For this exercise, copy exactly the lines below from the one with "Elderberry Live Plant" through the one with "PREMIER SEEDS DIRECT" and leave out the pictures.

>>>

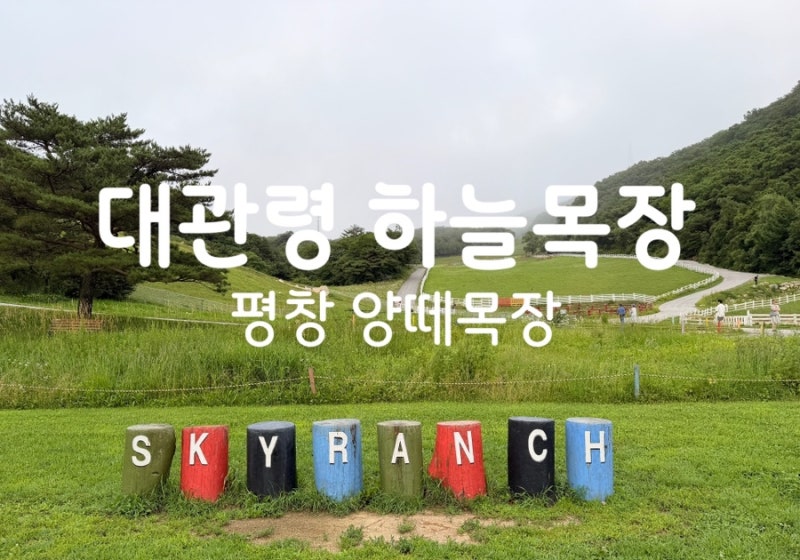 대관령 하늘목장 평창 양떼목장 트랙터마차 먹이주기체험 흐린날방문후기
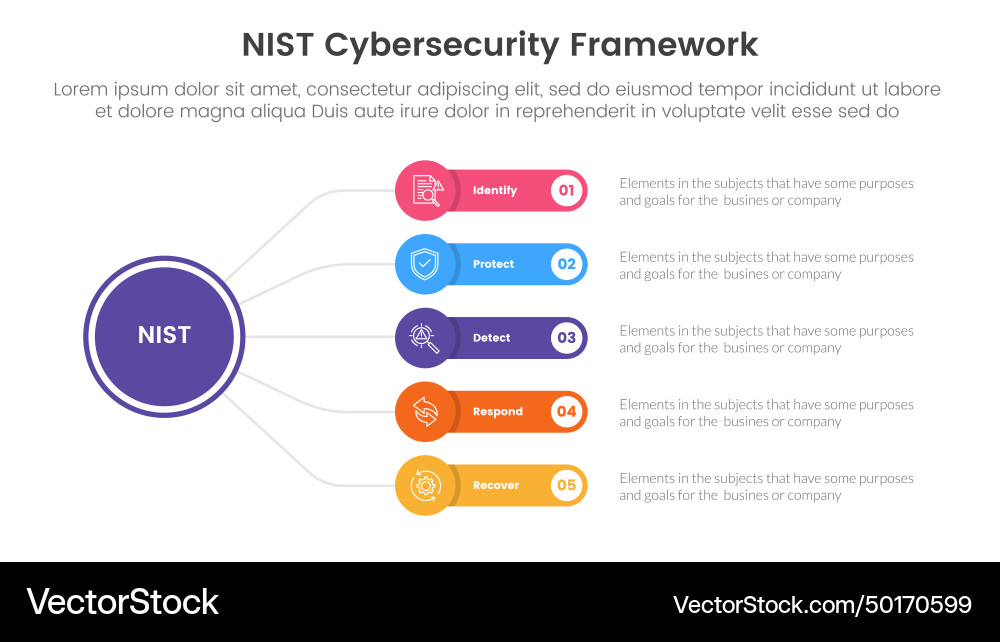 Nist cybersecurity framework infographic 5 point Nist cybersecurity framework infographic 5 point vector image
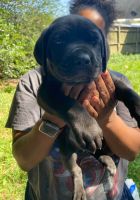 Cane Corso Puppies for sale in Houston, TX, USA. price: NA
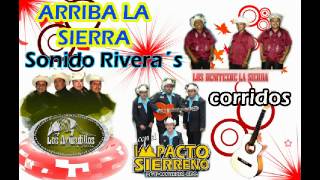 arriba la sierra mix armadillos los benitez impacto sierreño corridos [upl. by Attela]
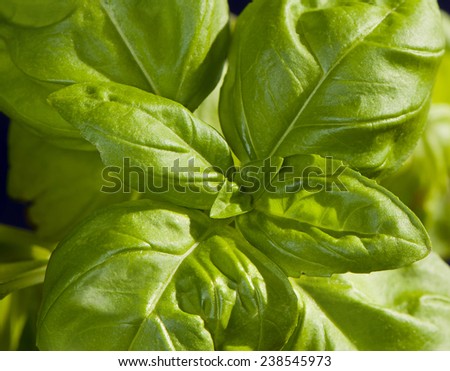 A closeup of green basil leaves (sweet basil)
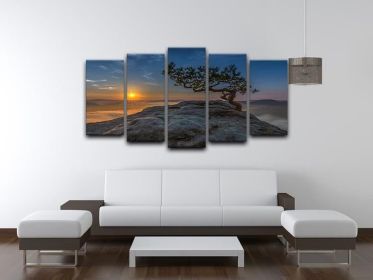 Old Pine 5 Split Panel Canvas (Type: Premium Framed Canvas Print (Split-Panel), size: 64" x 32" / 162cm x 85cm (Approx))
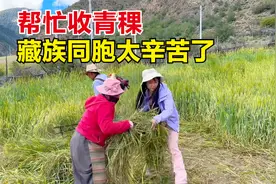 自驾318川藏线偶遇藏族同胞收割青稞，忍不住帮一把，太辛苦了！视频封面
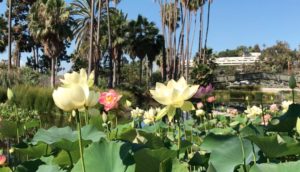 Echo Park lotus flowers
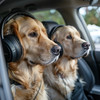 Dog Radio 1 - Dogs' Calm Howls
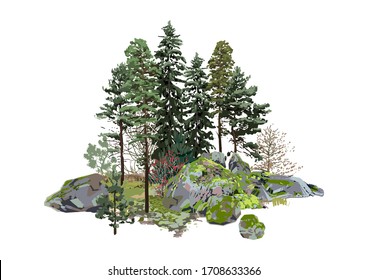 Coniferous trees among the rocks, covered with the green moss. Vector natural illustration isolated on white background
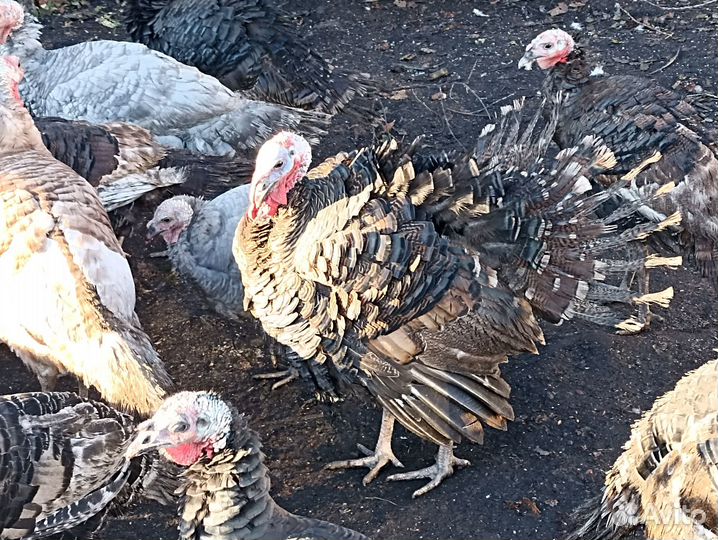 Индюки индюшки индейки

<<<
>>>

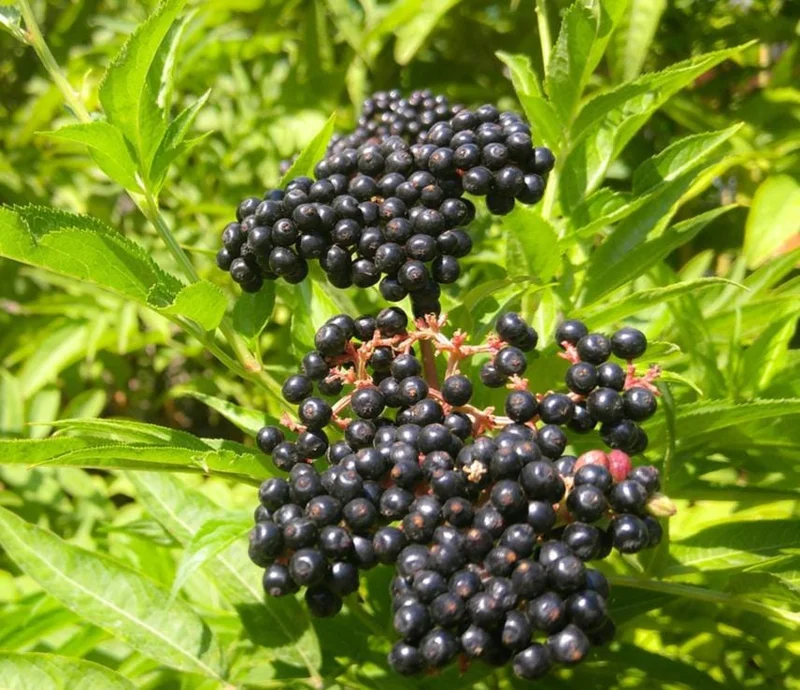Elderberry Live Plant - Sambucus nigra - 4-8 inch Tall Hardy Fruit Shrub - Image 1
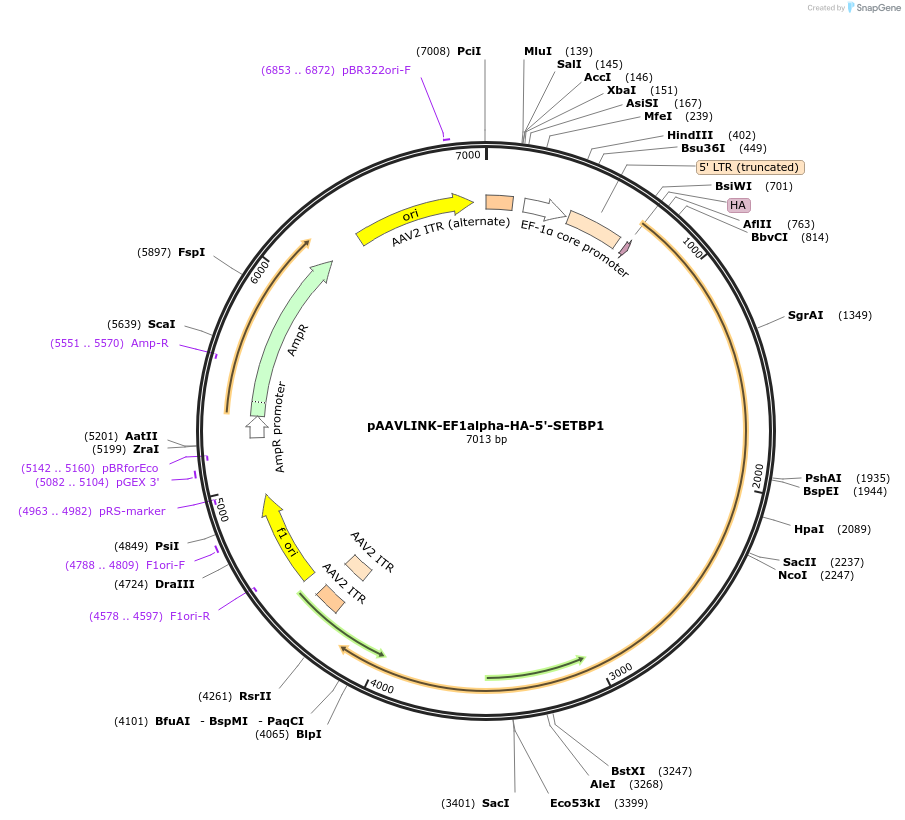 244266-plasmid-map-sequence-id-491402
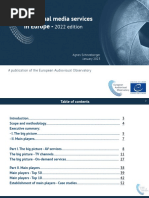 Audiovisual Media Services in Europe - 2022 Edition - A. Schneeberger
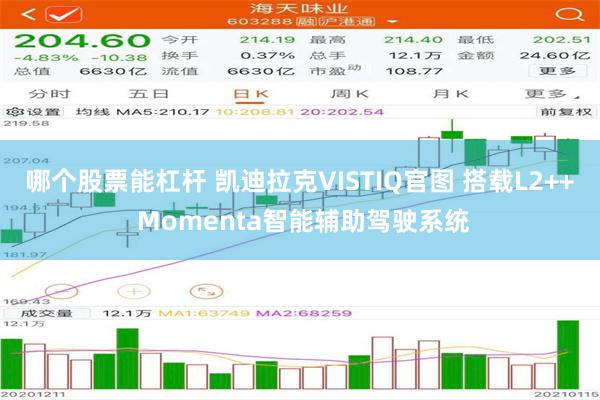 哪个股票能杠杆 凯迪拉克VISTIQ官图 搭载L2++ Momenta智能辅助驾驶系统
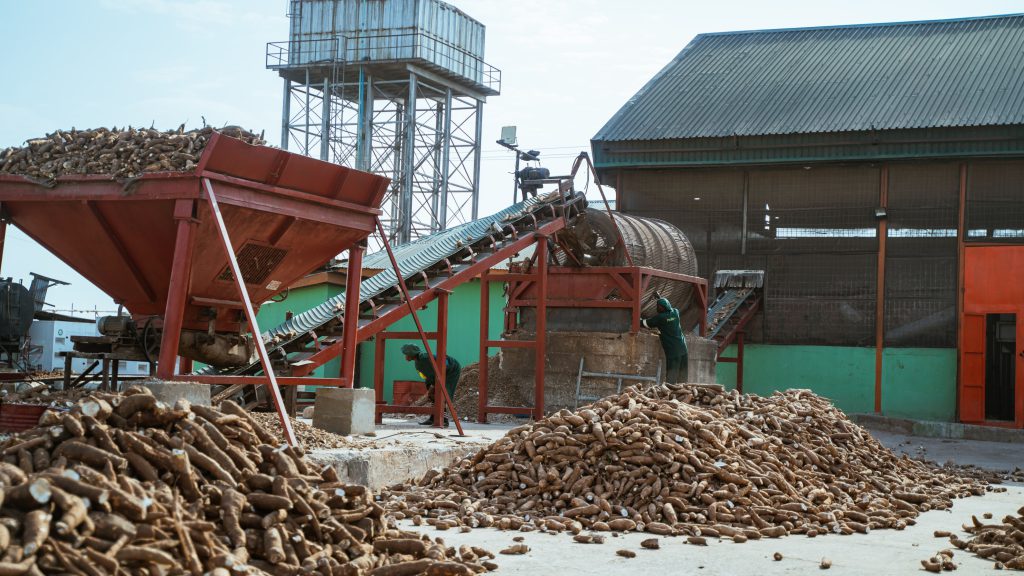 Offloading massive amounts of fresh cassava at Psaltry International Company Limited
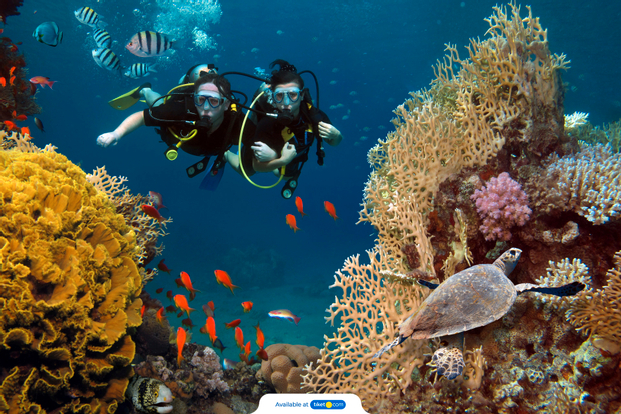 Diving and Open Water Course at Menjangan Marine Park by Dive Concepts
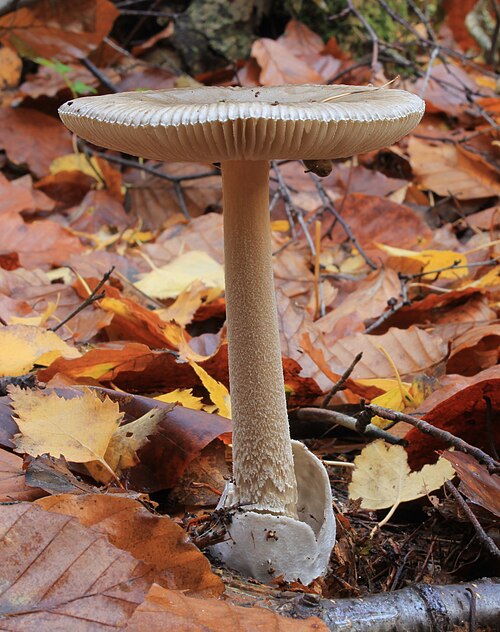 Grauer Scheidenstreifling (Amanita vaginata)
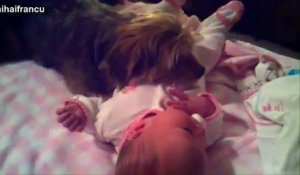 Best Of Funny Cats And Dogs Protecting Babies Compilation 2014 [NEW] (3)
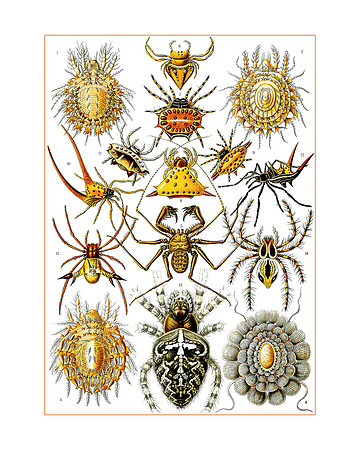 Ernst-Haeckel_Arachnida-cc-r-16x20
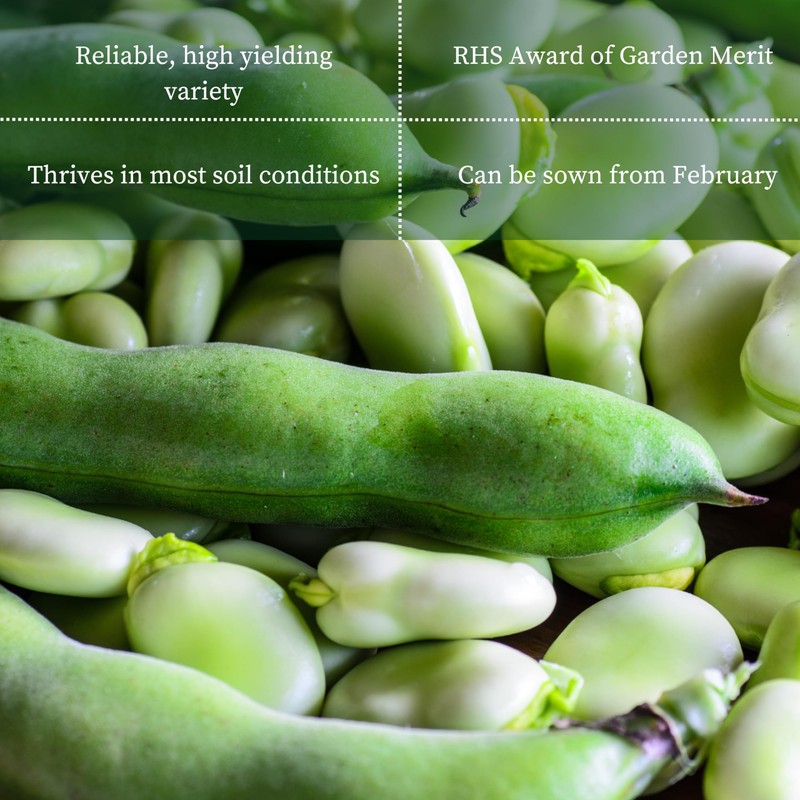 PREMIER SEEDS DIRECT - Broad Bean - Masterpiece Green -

<<<

Solution for this exercise:
Elderberry Live Plant - Sambucus nigra - 4-8 inch Tall Hardy Fruit Shrub - Image 1
 244266-plasmid-map-sequence-id-491402
 Audiovisual Media Services in Europe - 2022 Edition - A. Schneeberger
 哪个股票能杠杆 凯迪拉克VISTIQ官图 搭载L2++ Momenta智能辅助驾驶系统
 Offloading massive amounts of fresh cassava at Psaltry International Company Limited
 Diving and Open Water Course at Menjangan Marine Park by Dive Concepts
 Grauer Scheidenstreifling (Amanita vaginata)
 Best Of Funny Cats And Dogs Protecting Babies Compilation 2014 [NEW] (3)
 Ernst-Haeckel_Arachnida-cc-r-16x20
 PREMIER SEEDS DIRECT - Broad Bean - Masterpiece Green -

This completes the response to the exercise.